### Activity 2.01: Extracting Top Keywords from the News Article
In this activity, you will extract the most frequently occurring keywords from a sample news article. 

In [1]:
import nltk

In [2]:
# string to lowercase: word.lower()
with open('news-article.txt') as f:
    text = f.read()
text = text.lower()
print(text.lower())

ever since the populist law and justice (pis) party took power in 2015, adam bodnar, poland’s
courts. to illustrate the danger, he uses an expression from communist times: lex telefonica.
in the polish people’s republic, verdicts were routinely dictated by a phone call from an
apparatchik at party headquarters. today’s government has more subtle techniques,
but the goal is the same, mr bodnar says: “if a judge has a case on his desk with some
political importance, he should be afraid.”

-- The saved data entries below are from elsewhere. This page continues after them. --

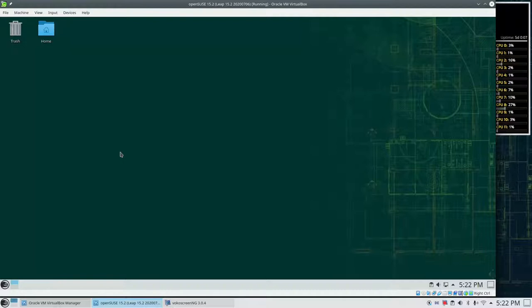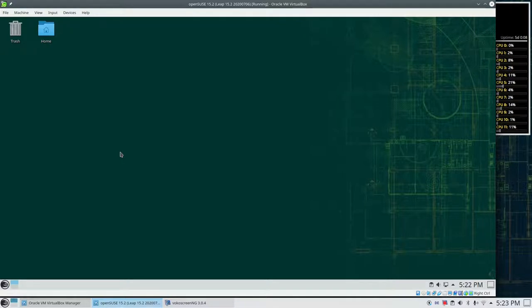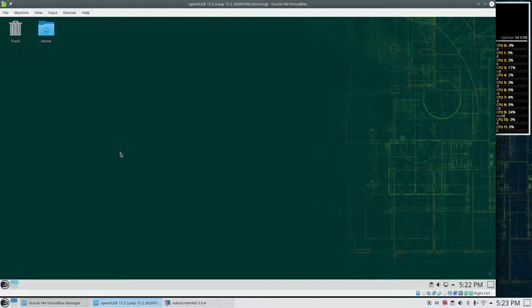In the last video, I've put the link down in the description. We've seen how we can install OpenSUSE on a new machine. In between, OpenSUSE Leap 15.2 was released and I have updated the packages to the latest available version.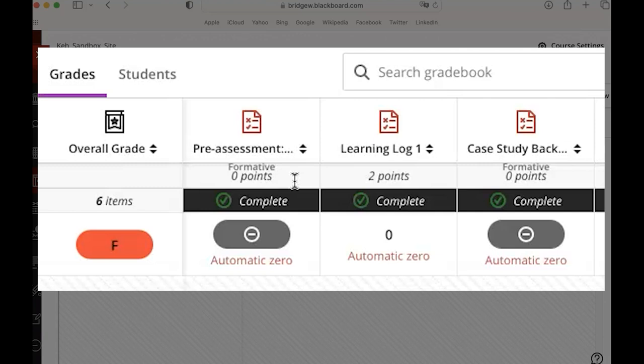Sometimes students get concerned when they see a zero out of zero on an assignment and so you might want to actually assign some points value and that would be a reason why you would then go in and exclude a formative assessment from the overall gradebook calculations.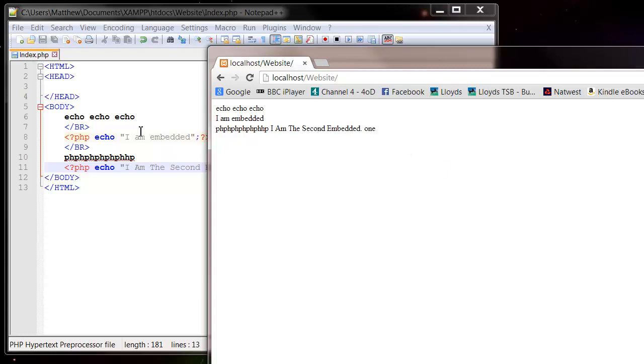So you can actually go in and out of PHP and HTML as much as you like, or you can just write your whole HTML document by putting it in one echo command. So sometimes one's good, sometimes the other is better. It depends on the situation.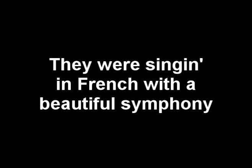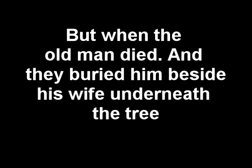I got stuck up in New York for a couple of days. Thought that I'd go see a Broadway play. And they were singing in French with a beautiful symphony. But when the old man died and they buried him beside his wife underneath the tree, hell, it sounded like a country song to me.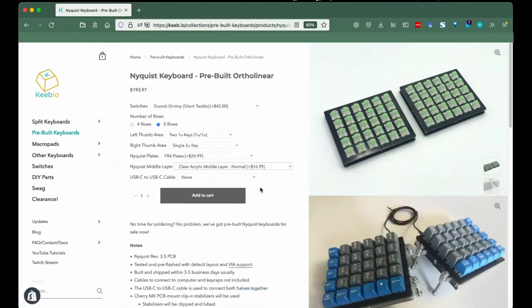Alright, that's it from me. Hope this helps keep your keyboard order smooth. Kayla from Keebio, over and out.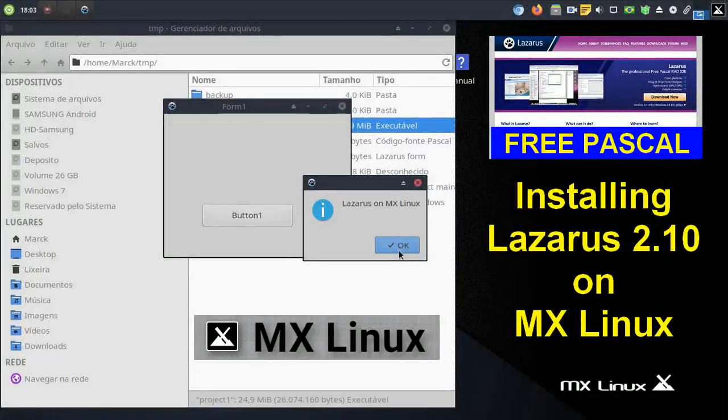In this video, see how to install Lazarus Free Pascal on MX Linux — problems and solutions. This includes what to do if Lazarus does not find the debugger path.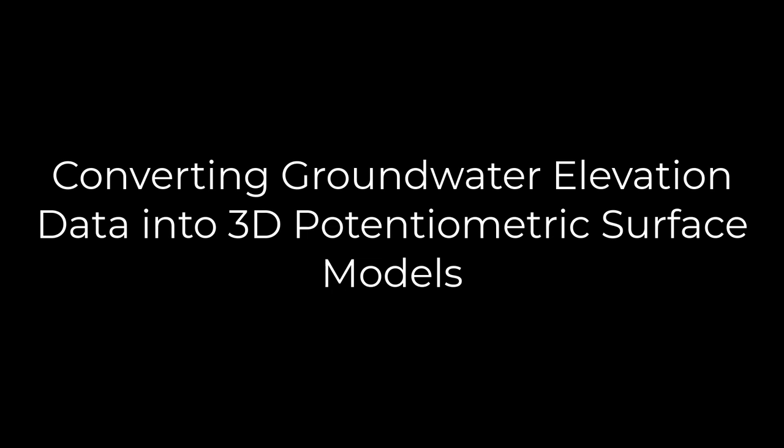This video will show how to convert groundwater elevation data into 3D potentiometric surface models.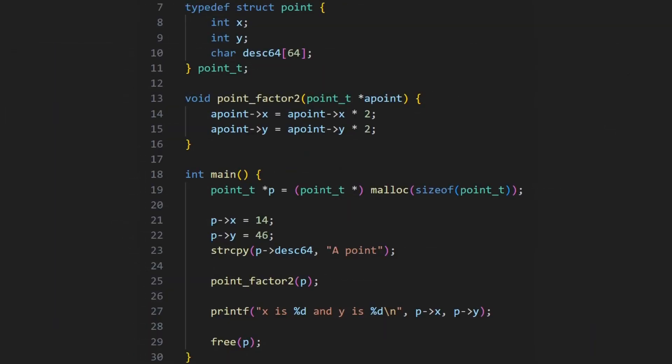Now, structures are great for passing around to functions. So look, I've got this little function here called point_factor_two. Basically, it multiplies what's inside of a point, the x and the y by two. So what do we do? We pass in a pointer, and we're calling it locally a_point. It's of type point_t that we define up here. And we say, a_point x is equal to a_point x multiplied by two. And a_point y, a_point y multiplied by two, so it doubles the value of x and doubles the value of y.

the european commission is worried, too. it accuses pis of violating poland’s commitments
to the rule of law under the european union’s founding treaty. in 2017 the commission took
poland to the european court of justice (ecj) over laws that gave politicians control over
appointing judges. (for example, they lowered judges’ retirement age while letting the justice
minister pick whom to exempt.) the ecj ruled against the poles, who had in the meantime
scrapped some of the measures.


In [3]:
# Split the string into tokens using a white space tokenizer.
from nltk.tokenize import WhitespaceTokenizer
def tokenize_with_wst(text):
    wh_tokenizer = WhitespaceTokenizer()
    return wh_tokenizer.tokenize(text)
word_tokens = tokenize_with_wst(text)

In [4]:
# remove stop words
from nltk import download
download('stopwords')
from nltk.corpus import stopwords

# English stopwords
stop_words = stopwords.words('english') # arabic, danish, dutch, etc.

# Remove stop words
def remove_stop_words(sentence_words, stop_words):
    return ' '.join([word for word in sentence_words if word not in stop_words])
words_no_stop = remove_stop_words(word_tokens, stop_words)
print(words_no_stop)



[nltk_data] Downloading package stopwords to
[nltk_data]     /Users/LNonyane/nltk_data...
[nltk_data]   Package stopwords is already up-to-date!


In [5]:
# stemming using PorterStemmer
from nltk import stem
# get stems
def get_stems(tokens, stemmer):
    return [stemmer.stem(word) for word in tokenize_with_wst(tokens)]
porterStem = stem.PorterStemmer()
token_stems = get_stems(words_no_stop, porterStem)
print(token_stems)

['ever', 'sinc', 'populist', 'law', 'justic', '(pis)', 'parti', 'took', 'power', '2015,', 'adam', 'bodnar,', 'poland’', 'human-right', 'ombudsman,', 'warn', 'relentless', 'effort', 'get', 'control', 'courts.', 'illustr', 'danger,', 'use', 'express', 'communist', 'times:', 'lex', 'telefonica.', 'polish', 'people’', 'republic,', 'verdict', 'routin', 'dictat', 'phone', 'call', 'apparatchik', 'parti', 'headquarters.', 'today’', 'govern', 'subtl', 'techniques,', 'goal', 'same,', 'mr', 'bodnar', 'says:', '“if', 'judg', 'case', 'desk', 'polit', 'importance,', 'afraid.”', 'european', 'commiss', 'worried,', 'too.', 'accus', 'pi', 'violat', 'poland’', 'commit', 'rule', 'law', 'european', 'union’', 'found', 'treaty.', '2017', 'commiss', 'took', 'poland', 'european', 'court', 'justic', '(ecj)', 'law', 'gave', 'politician', 'control', 'appoint', 'judges.', '(for', 'example,', 'lower', 'judges’', 'retir', 'age', 'let', 'justic', 'minist', 'pick', 'exempt.)', 'ecj', 'rule', 'poles,', 'meantim', 'scra

In [7]:
# Frequency of all the words after stemming
# This method will generate a dict of word frequencies from list.
def get_freq(stems):
    freq_dict = {}
    for t in stems:
        freq_dict[t.strip()] = freq_dict.get(t.strip(), 0) + 1
    return freq_dict

# This method will sort the dictionary on the values and return the top n 
# keys of the dictionary.
import operator
def get_top_n_words(freq_dict, n):
    sorted_dict = sorted(freq_dict.items(), key=operator.itemgetter(1), reverse=True)
    return [x[0] for x in sorted_dict][:n]

In [9]:
freq_dict = get_freq(token_stems)
top_keywords = get_top_n_words(freq_dict, 6)
top_keywords

['law', 'justic', 'european', 'parti', 'took', 'poland’']